Linking geospatial raster data
In the Ocean Status Assessment Service, our objective is to support users in evaluating the compliance of coastal waters to the Marine DIrective Framework, using open data to answer questions like:
- what data relate to this Directive?
- what data exist about sea surface temperature?
- what data intersect this area/time of interest?
- what processing occurred on data from this source (e.g. MyOcean)?
We generate geospatial datasets which support these decisions, but in order to work most effectively, users need to find subsets of this data and process them to make decisions, linked data techniques support this. A common ICT concept is the DIKW pyramid (see image below). Geospatial data, per se, allow to extract Information (what, where, when) but one needs the context around data to reach Knowledge (how) and Wisdom (why). The context is precisely what linking gives to geospatial data.
The Data -> Information -> Knowledge -> Wisdom pyramid
Using linked data techniques, a geospatial dataset (say a cadastral map) can be connected to other static geospatial data, such as a thematic cartography. Links can also point to dynamic measurements (e.g. meteorology, traffic) and to loosely georeferenced material, such as social, political, economic data. A system based on linked geospatial raster data will allow newcomers to find useful data in the specific domain and allow expert users to explore correlated domains such as climatology. Our aim is to build a system where finding the answers to the above questions will be as straightforward as buying products on Amazon, where filters are used to narrow down a search and product selection is enabled by data linking between thousands of servers.
The first step in linking data is to define an ontology - the figure below depicts ours for Oceanography:
This geospatial data ontology allows users not only to discover the most appropriate dataset for one’s use case, it is also a tool that can be used to carry out complex analyses, exploiting the machine-understandable pieces of information in the semantic data. Using RDF as the universal language for modelling data links and SPARQL for processing queries, developers can build systems for data analysis and manipulation simply by gathering together the appropriate resources from the web.
There is, however, a complication. The datasets that must be used in analysing coastal waters (and that we are producing) are raster datasets. Geospatial raster data are grids of data points which typically originate from sophisticated sensing of a geographical area: Each point or pixel represents a portion of that area, observed in a specific band. Raster data provide representations of the world in terms of images (EO scenes, aerophotos) or physical measures that vary continuously with space (temperature, salinity). Raster images constitute an enormous source of information, which is still largely unexploited.

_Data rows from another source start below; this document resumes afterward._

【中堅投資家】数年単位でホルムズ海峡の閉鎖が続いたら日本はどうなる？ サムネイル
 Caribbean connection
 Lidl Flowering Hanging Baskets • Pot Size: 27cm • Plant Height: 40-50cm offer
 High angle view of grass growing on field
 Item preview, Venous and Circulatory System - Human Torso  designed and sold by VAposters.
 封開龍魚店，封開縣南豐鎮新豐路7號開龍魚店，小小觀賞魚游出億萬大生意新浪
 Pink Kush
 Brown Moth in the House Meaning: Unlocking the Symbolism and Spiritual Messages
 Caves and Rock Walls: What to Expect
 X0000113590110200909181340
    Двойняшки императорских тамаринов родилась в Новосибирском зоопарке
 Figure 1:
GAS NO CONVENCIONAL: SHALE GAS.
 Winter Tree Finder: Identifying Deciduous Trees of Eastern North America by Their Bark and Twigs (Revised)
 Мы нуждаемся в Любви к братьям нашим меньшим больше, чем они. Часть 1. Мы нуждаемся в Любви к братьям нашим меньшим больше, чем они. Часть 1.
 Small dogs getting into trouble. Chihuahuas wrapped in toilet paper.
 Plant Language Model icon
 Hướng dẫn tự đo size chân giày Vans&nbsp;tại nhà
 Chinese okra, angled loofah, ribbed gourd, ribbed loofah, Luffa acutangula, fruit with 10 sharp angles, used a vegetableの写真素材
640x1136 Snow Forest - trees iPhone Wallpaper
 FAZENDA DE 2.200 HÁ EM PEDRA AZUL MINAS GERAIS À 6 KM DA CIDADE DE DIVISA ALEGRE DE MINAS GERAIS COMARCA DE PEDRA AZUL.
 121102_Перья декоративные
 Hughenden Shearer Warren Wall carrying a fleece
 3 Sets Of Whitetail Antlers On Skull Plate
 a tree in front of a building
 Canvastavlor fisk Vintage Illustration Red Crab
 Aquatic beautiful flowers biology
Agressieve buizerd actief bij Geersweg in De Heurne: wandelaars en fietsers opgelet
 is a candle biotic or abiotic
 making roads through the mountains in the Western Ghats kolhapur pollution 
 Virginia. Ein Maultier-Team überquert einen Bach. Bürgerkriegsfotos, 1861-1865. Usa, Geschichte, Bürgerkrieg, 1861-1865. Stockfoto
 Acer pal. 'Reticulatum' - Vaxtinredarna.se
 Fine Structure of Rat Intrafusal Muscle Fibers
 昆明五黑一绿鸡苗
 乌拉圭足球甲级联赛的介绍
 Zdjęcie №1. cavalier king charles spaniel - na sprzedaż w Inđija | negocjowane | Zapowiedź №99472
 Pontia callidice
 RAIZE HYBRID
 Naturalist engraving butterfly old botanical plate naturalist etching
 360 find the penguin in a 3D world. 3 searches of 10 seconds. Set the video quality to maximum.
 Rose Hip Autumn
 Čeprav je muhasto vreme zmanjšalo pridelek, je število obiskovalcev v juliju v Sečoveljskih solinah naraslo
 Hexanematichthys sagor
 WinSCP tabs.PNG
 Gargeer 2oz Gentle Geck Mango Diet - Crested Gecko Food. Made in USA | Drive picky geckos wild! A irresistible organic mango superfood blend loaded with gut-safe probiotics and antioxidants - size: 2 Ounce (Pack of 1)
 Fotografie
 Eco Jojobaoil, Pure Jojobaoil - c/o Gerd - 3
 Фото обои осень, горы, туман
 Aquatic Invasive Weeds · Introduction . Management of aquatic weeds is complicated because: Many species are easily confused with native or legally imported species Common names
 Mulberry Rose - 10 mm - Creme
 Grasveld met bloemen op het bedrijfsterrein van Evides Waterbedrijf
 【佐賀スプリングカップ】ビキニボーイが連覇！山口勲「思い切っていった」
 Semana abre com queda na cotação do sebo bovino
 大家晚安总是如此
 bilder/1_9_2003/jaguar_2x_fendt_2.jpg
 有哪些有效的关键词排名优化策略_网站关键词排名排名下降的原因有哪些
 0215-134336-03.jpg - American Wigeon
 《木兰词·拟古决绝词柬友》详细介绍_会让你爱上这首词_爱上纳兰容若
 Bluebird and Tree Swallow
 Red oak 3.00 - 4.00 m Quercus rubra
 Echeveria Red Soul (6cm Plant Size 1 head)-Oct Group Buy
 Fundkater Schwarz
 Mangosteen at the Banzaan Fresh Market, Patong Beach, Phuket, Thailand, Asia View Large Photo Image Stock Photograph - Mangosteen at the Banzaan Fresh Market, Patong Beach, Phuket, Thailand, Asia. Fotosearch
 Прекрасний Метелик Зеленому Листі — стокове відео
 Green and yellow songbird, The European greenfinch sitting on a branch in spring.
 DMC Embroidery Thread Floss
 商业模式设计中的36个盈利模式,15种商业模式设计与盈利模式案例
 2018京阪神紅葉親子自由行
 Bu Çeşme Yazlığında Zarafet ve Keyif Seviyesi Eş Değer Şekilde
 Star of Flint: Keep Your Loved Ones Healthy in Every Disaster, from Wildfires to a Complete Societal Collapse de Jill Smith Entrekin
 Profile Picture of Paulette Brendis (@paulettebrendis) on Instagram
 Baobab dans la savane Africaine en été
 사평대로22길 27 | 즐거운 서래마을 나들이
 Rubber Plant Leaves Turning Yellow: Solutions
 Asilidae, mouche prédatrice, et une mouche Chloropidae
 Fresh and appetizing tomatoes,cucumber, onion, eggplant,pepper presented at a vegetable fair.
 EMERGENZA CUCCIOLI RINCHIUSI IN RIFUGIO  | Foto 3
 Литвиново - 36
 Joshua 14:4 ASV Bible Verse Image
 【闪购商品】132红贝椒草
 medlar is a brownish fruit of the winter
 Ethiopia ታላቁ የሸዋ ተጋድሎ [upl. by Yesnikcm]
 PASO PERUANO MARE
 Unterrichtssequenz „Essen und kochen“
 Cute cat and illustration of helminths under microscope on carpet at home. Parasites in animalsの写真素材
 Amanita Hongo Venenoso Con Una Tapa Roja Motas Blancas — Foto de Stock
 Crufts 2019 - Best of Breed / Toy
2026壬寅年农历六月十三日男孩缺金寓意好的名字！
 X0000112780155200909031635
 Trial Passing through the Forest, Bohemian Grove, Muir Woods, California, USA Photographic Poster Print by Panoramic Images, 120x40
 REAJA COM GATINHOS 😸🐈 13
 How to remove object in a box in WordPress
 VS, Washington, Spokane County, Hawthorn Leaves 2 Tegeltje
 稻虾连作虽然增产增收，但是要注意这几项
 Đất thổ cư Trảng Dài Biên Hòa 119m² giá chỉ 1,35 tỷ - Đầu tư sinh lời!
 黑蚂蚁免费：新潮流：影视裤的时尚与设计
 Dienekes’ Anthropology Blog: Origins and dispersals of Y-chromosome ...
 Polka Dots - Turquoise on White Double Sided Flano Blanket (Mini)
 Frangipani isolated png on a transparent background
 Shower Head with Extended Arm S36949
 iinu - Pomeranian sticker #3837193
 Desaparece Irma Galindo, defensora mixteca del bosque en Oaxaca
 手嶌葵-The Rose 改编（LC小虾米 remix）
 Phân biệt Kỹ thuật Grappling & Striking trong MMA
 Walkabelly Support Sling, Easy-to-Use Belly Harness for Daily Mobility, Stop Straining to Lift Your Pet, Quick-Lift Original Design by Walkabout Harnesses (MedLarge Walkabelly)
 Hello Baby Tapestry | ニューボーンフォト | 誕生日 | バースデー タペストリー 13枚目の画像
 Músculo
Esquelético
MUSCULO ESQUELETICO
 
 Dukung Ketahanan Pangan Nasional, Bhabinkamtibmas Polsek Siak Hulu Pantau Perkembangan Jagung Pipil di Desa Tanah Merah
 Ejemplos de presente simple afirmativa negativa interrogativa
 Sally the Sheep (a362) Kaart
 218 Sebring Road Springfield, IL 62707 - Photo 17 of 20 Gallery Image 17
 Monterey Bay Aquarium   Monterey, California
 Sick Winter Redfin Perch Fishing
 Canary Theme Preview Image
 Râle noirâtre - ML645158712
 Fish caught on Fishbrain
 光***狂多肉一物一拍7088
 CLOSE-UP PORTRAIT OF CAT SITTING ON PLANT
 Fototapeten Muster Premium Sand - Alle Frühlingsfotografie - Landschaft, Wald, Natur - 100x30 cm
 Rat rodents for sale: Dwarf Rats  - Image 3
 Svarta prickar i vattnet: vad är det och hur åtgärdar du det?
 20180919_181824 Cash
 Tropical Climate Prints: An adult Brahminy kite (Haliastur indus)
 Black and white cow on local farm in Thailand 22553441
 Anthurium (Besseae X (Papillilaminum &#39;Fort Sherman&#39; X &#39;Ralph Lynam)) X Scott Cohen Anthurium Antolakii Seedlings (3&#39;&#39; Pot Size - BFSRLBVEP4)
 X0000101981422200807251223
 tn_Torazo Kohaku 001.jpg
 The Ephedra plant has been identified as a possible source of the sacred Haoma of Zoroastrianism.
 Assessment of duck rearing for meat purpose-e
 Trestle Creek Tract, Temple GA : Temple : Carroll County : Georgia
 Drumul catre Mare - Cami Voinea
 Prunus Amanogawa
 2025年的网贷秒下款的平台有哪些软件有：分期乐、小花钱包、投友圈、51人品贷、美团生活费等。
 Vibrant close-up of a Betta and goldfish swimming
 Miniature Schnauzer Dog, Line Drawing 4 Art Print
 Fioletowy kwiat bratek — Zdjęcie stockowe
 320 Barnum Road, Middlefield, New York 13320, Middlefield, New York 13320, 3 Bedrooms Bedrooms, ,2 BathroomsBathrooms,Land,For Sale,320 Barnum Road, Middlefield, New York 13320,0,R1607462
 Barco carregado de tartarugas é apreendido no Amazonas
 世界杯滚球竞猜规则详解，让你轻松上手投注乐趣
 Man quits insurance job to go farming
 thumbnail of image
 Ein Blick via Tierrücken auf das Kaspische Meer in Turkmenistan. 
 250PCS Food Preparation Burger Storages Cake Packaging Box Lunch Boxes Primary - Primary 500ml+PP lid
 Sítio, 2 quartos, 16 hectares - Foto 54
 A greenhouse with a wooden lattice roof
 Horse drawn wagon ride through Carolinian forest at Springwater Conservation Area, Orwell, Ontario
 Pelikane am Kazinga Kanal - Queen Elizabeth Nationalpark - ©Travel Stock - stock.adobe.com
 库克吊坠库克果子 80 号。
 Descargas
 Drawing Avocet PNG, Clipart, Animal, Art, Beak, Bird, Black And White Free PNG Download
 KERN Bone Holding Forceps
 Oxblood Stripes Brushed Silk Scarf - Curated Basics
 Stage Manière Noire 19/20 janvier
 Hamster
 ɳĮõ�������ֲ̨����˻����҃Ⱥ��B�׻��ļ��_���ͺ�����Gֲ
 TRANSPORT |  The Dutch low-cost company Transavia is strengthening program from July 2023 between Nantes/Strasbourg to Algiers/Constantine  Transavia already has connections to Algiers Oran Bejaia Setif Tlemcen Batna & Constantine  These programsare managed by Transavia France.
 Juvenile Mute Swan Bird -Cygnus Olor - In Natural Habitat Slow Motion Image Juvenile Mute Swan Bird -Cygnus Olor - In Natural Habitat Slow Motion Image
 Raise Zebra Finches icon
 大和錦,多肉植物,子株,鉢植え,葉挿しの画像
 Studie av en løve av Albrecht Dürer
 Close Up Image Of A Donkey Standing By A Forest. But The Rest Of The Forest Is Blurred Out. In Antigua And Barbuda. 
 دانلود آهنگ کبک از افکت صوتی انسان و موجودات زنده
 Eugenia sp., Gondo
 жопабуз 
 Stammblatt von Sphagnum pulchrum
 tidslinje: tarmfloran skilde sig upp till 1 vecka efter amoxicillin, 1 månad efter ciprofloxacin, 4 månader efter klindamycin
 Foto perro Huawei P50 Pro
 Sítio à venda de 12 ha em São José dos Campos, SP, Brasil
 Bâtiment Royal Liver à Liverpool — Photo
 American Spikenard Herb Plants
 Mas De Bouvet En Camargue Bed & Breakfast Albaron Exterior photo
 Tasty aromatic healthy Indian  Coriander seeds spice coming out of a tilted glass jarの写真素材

The complication is that each of these raster datasets typically consist of millions of pixels. While each individual objects in a vector dataset can be linked with RDF, using the same technique to describe every single pixel in a raster image is enormously resource consuming and of limited value in most cases. Ontologies applied to raster data should be designed to answer questions like: What type of information can I extract from this data? How can I combine different datasets for better value?
An example of a raster datasets showing sea water potential temperature in the Mediterranean. These data have dimensions in both space and time.
Fortunately there are a variety of different approaches that we can explore to link raster data.
If raster data represent images, one may be interested in features within the image (a church, a stadium, a park). In this case the first step is to extract information from the image (image classification) and create a new vector representation of that geographic area, allowing RDF mapping of vector data to be done as described above.
A more complex case is where raster images represent continuously variable physical fields, like in our Marine Quality Assessment service. In this case, a simple approach is to slice the image using pre-defined thresholds, thus identifying individual areas/polygons associated with features of interest (e.g. areas where the salinity exceeds a critical threshold). This approach will again resolve the problem by translating raster data into a vector representation which is suitable for RDF. The drawback is that the method forces the developer to choose the slicing thresholds beforehand, thus losing the original information richness.
A third and more flexible strategy builds on top of recent Array Databases such as Rasdaman or MonetDB, which allow users to query both metadata and raster data using the SQL/MDA (Multi-Dimensional Arrays) standard. This same approach could be used for implementing an RDF representation of raster data and information extraction. A SPARQL-like approach would then allow to extract and combine semantics from raster data without prior conversion into vector format, thus retaining the full information content. We are currently working in MELODIES to achieve this challenging goal.